My grocery store trips have usually been rushed affairs, and I rarely have taken notice of other customers’ purchases or shopping practices. Recently, however, Clean Fairfax was
designated as Whole Foods’ recipient for a Nickels for Nonprofits campaign (through January 15), whereby shoppers could donate the five cents returned to them for each reusable tote bag to Clean Fairfax. As part of this campaign, I set up a table to distribute both reusable tote bags and reusable produce bags for two hours at each of the five Whole Foods in Fairfax County.
What I found surprised me. My assumption was that most Whole Foods customers, already a select group of grocery shoppers leaning heavily towards the more environmentally aware, would have their own reusable tote bags. I expected to hand out more reusable produce bags, small washable net bags to replace the plastic bags used for produce and bulk items, since these are less known than the totes.
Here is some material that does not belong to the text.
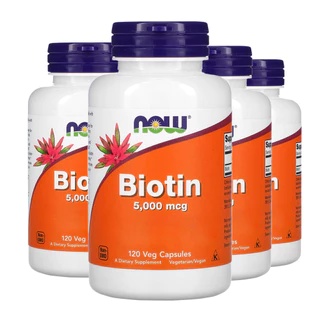 Kit 4x Biotina 5000mcg Now Foods 120Veg Caps/Made in Usa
Instead, very few customers actually brought reusable totes, though many admitted to having a cache of these at home or in the car. Also, of the several hundred people I interacted with, only a handful had ever heard of the reusable produce bags let alone owned any— and none had brought them to the store to do their shopping.
I have recently begun paying more attention when I shop at Shoppers, Giant, and Safeway, more typical grocery stores. The majority of customers are still going for the plastic bags—and the research shows that most of those are not recycled. According to Worldwatch Institute, every year, Americans reportedly throw away 100 billion plastic grocery bags, which can clog drains, crowd landfills, and create a litter problem.
There is no reason why the reusable totes—and smaller net produce bags— cannot also be used not only at the grocery store but also when making purchases at drugstores, clothing stores, shoe stores, etc. It just has to become a habit.
As indicated in a previous blog, reusable bags are only of value when they are used a lot. TreeHugger, a sustainability website, sums it up as follows:
“What ultimately matters is if you actually use your reusable bags, or if you collect them dutifully from vendors and at conferences but then forget them at home every time you go to the store. If you can commit to using your canvas bag 171 times, or something like a Chicobag eleven times or more, then you have made a good decision. If you can’t commit to this, chose plastic over paper bags, reuse the bags at the store, repurpose them as trash can liners, and recycle the rest at your local grocery store.”
Earth911 has posted “5 Ways to Create a Waste-Free Grocery Shopping Trip.” Their suggestions include using reusable tote AND produce bags, bringing jars/containers for bulk items, purchasing items with minimal packaging, and, perhaps most important of all, developing an organization system that helps you remember your bags and containers when going to the grocery store.